▸ REQUIREMENT
The full listing should be written out verbatim, and its images should be dropped.

▸ EXERCISE DATA
Content starts

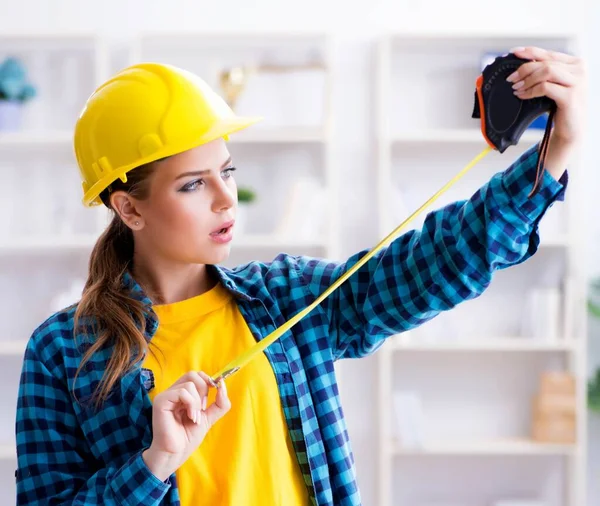 Mulher em oficina com fita métrica — Fotografia de Stock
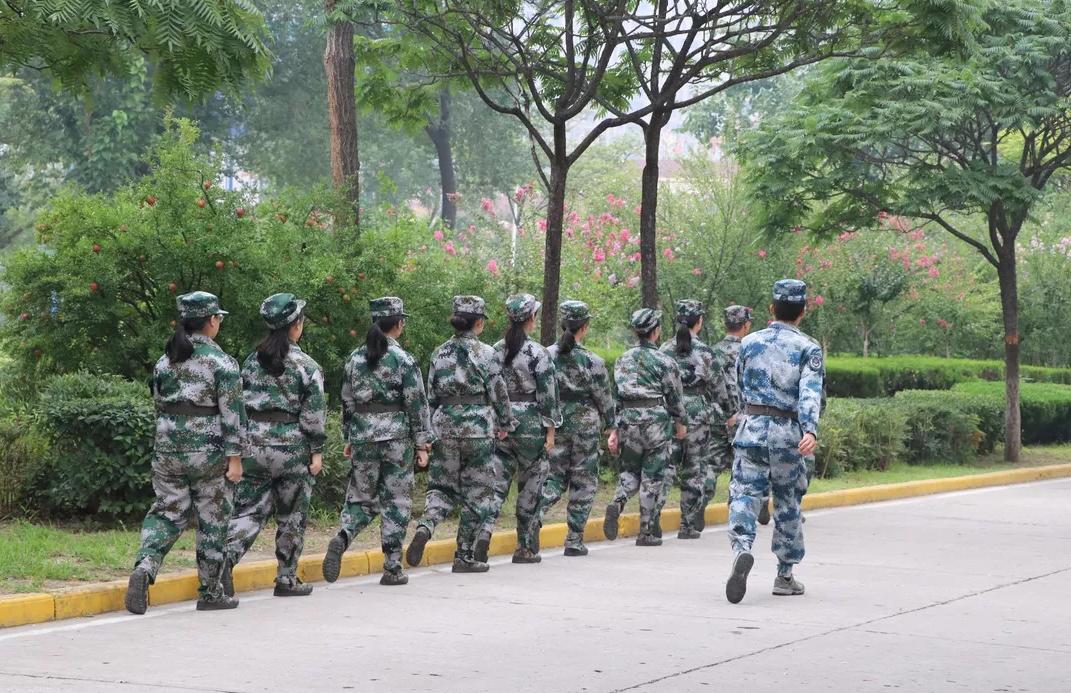 大学第一课军训,大学第一次军训有什么感受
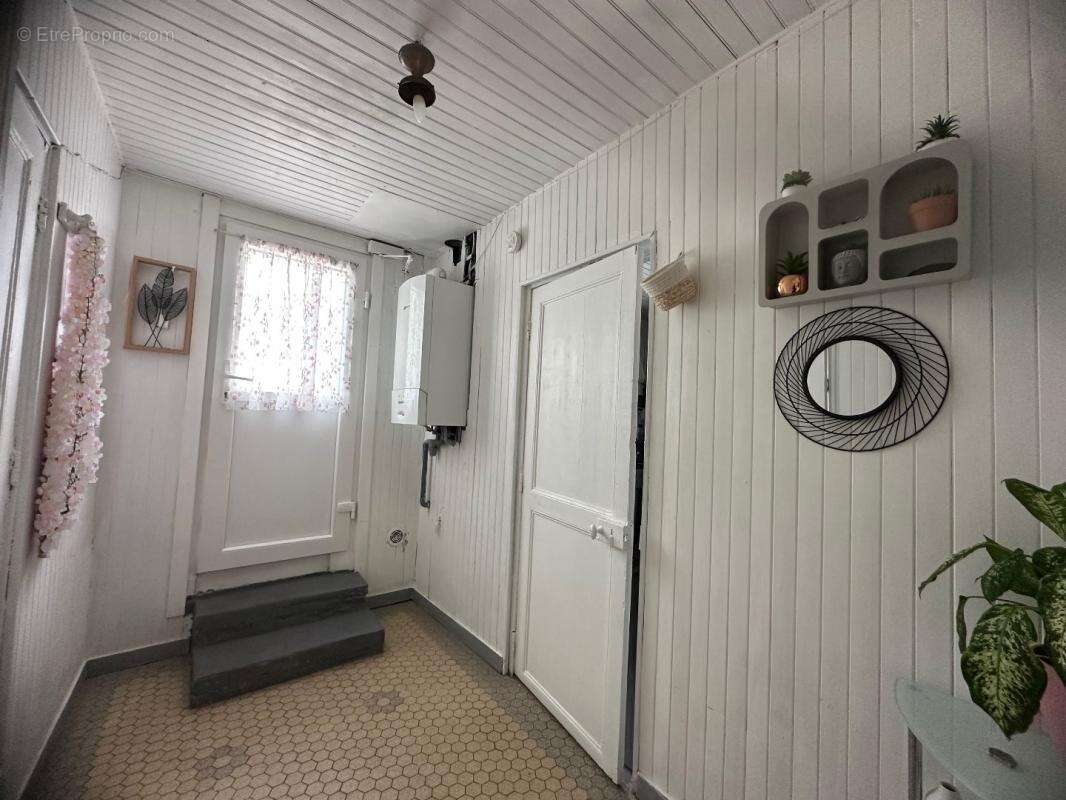 Maison à VILLETANEUSE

Content ends

▸ ANSWER
 Mulher em oficina com fita métrica — Fotografia de Stock
 大学第一课军训,大学第一次军训有什么感受
 Maison à VILLETANEUSE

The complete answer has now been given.